So here’s where I’m at:

  • Institutional authority is a good check and balance against individual authority, under the authority of Scripture, in service of the Lord Jesus.
  • Listening to individuals from outside the ‘establishment’ or a diverse establishment built on listening, is necessary to keep reforming practices that have deviated from Scripture and the service of the Lord Jesus.
  • Institutions need to keep being willing to be reformed in the face of individuals and groups who raise concerns, under the authority of Scripture, in service of the Lord Jesus.
  • The relationship between real world authority and accountability and online authority and accountability is an important one, but not fatal to ‘virtual’ properties.
  • Martin Luther was right about the ‘priesthood of all believers’ and that online technology will cause an ongoing reform of our structures and practices beyond the structuring of relationships in the flesh.
  • The internet is a blunt instrument that lends itself to the destruction of institutions and expertise, and to populism under the guise of ‘democracy’ or ‘egalitarianism’  (not in the theological sense). True democracy requires institutions that create platforms big enough for ideas to be shared (like parties) and a place for ideas to be discussed (like parliament and the media), and it requires listening and a generous pluralism where we make space for those we disagree with.
  • Technology as it stands means that establishments that have set up non-democratic ‘priesthoods’ that favour an establishment voice over the marginalised face an uphill battle to keep ‘authority’ and credibility and that this will undermine such platforms.
  • We need to reform or create institutions that reflect a more robust priesthood of all believers such that we do not favour a particular gender, or class, or educational standard, or age, or race, so that we can listen well to voices from the margins who might prompt more necessary reform, under the authority of Scripture, in service of the Lord Jesus.
  • When it comes to the question at the heart of this debate, and the voices of women, if we can’t make space online to hear women what chance is there for those of us who want to maintain a faithful sense of us being one body, a kingdom of priests, co-image bearers, who are different and equal in the flesh where there are particular Biblical principles we should be seeking to apply. The priesthood of all believers has interesting implications for church leadership, eldership, marriage and the arranging of our communities; but websites are neither the ‘church gathered’ nor the family unit, and it’s dangerous to extrapolate Biblical principles about gender differences in particular circumstances to all circumstances in ways that stop us listening to the voices of women.
  • Part of this listening exercise will mean being generous, and making space to hear, voices that challenge us and that say things that are untrue, but the cost of the priesthood of all believers is that the community needs to discern the ‘prophetic’ voices that claim to be speaking in ways that will continue to bring us under the authority of Scripture, in the service of the Lord Jesus.
  • A more important strategy than anything discussed here, is to think about how we operate not in our own media/social media/institutional bubble, but how we contribute to the bigger ‘bubble’ and to other institutions (this is where I think the Centre For Public Christianity is a terrific example).
  • Perhaps an even better and more important strategy than anything being discussed here is how we might, as Christians, be champions of a generous pluralism and a diverse public square beyond the boundaries of the church; one where we aren’t just listening to other Christians, but to other people, so that they might also listen to us.

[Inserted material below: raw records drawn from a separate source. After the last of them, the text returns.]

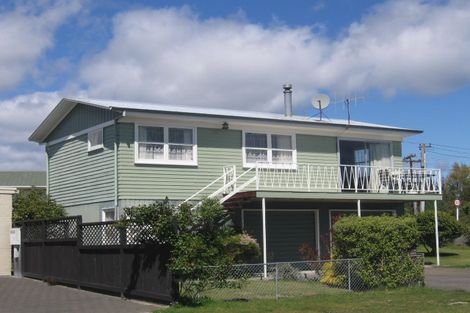 Photo of property in 38 Aubrey Crescent, Rainbow Point, Taupo, 3330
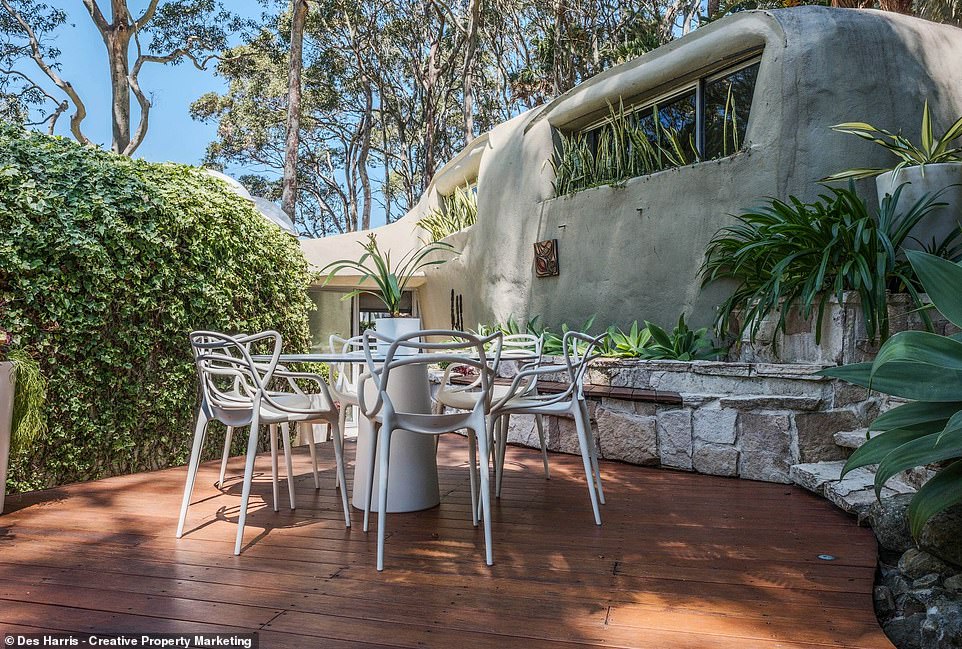 There are two outdoor living areas;  one overlooked by the main level bedrooms which is shaded by towering gumtrees and another at the rear of the beautiful home which takes full advantage of the hilltop views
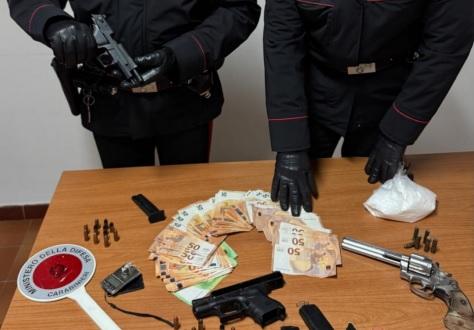 
	Droga e armi sequestrate

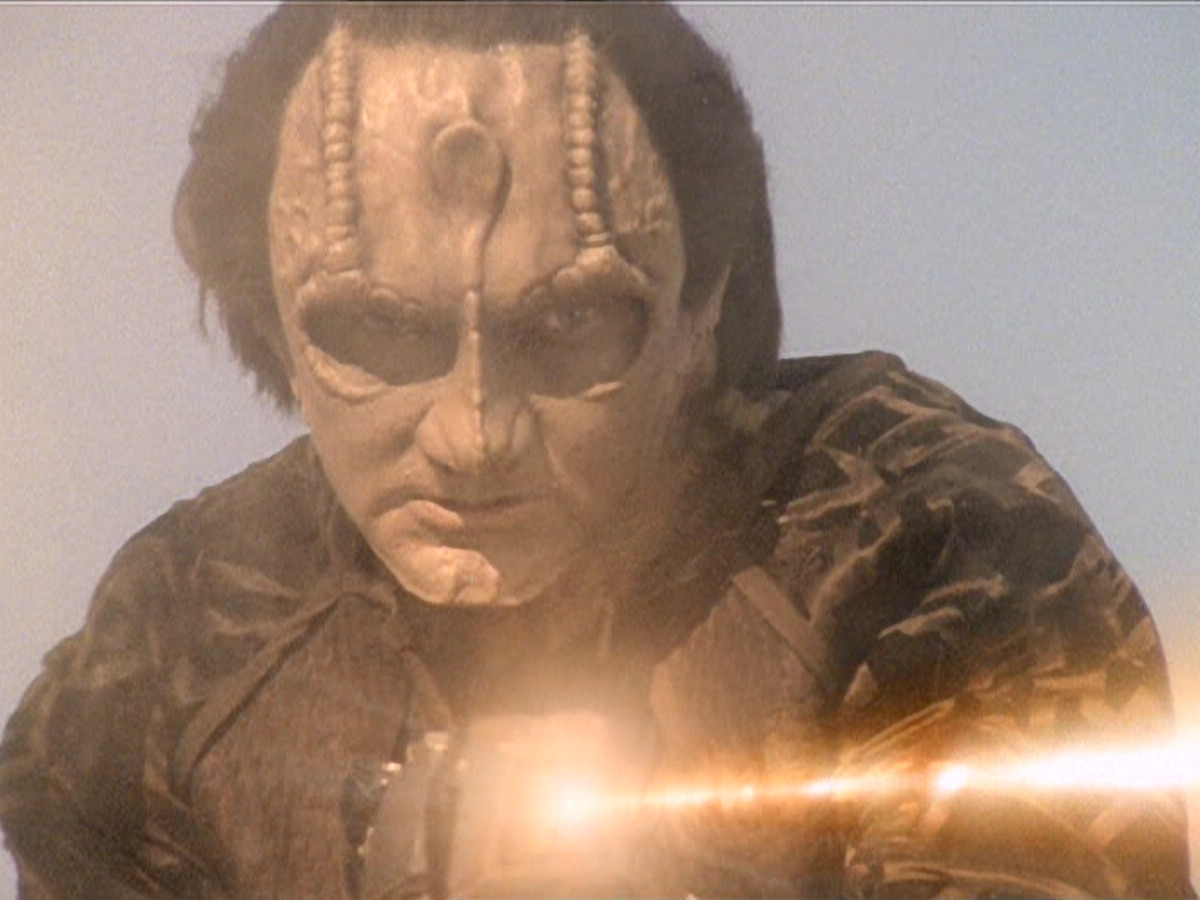 extant_StarTrek_DS9_6x02-RocksAndShoals_03591.jpg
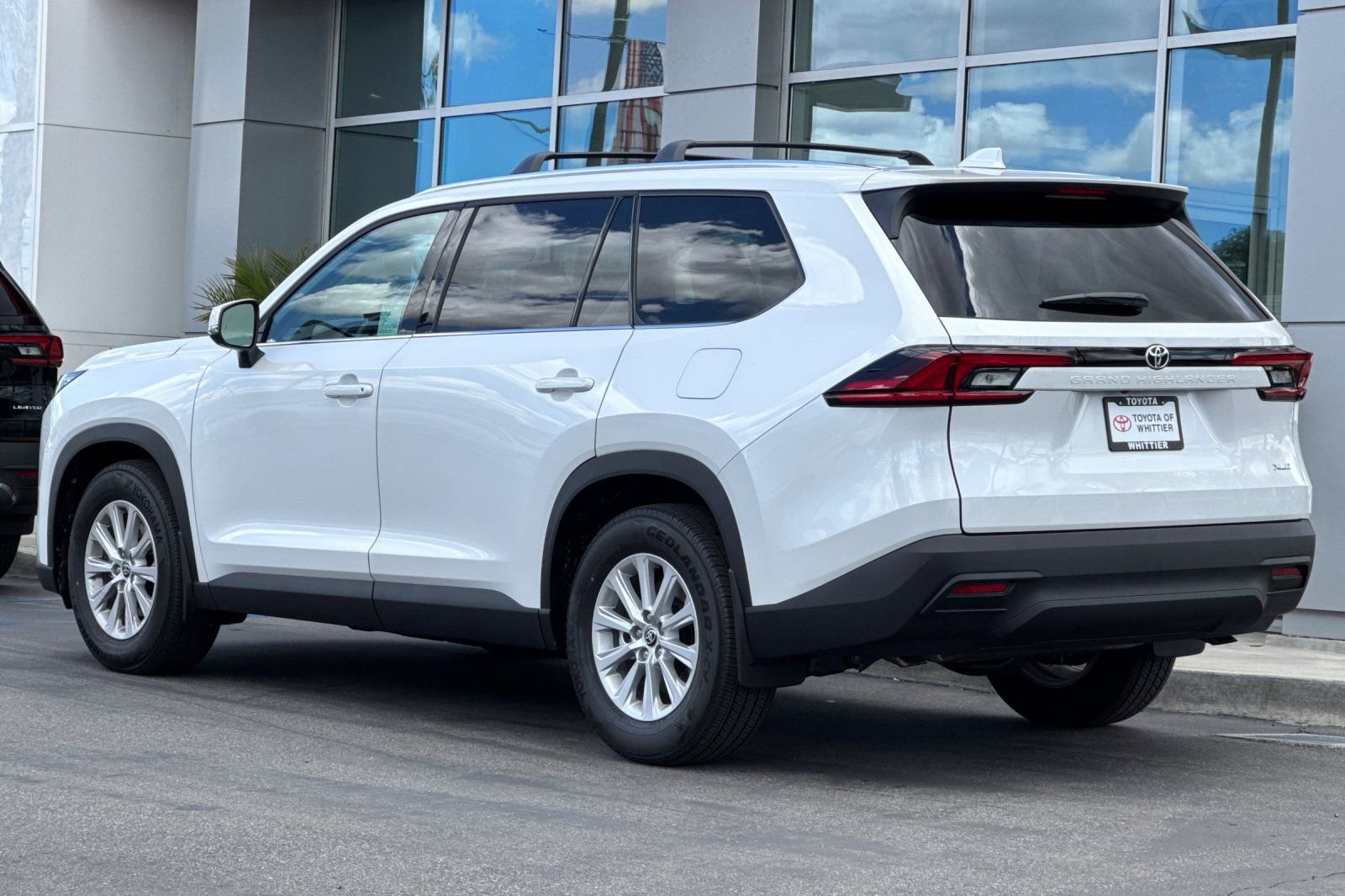 Used 2026 Toyota Grand Highlander XLE image 7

And here’s the problem. I’m not totally sure that many of our current platforms have the diversity within their institutions or the theological vision/mission to withstand the brunt force of this new technology in flattening structures/institutions. I think our establishments (be they denominations or think tanks) have tended to accidentally marginalise those outside certain norms, and have created a sort of ‘priesthood’ that limits our ability to listen to, and reach, those outside these norms (or those who are marginalised by them).

The Gospel Coalition Australia as a Case Study in this ‘new media reformation’

I said above that those who get to decide who a platform raises up are basically the ultimate ‘priesthood’; and this reveals a lot about how much an institution is listening to people beyond a particular sort of narrow establishment. I don’t want to pick on or shame The Gospel Coalition Australia here, but I do want to use them as an example of an institution that I think is geared up to be smashed by this ‘new reformation’ because of the way it is structured; and I think the way that it is structured should be challenged on the basis of the points above.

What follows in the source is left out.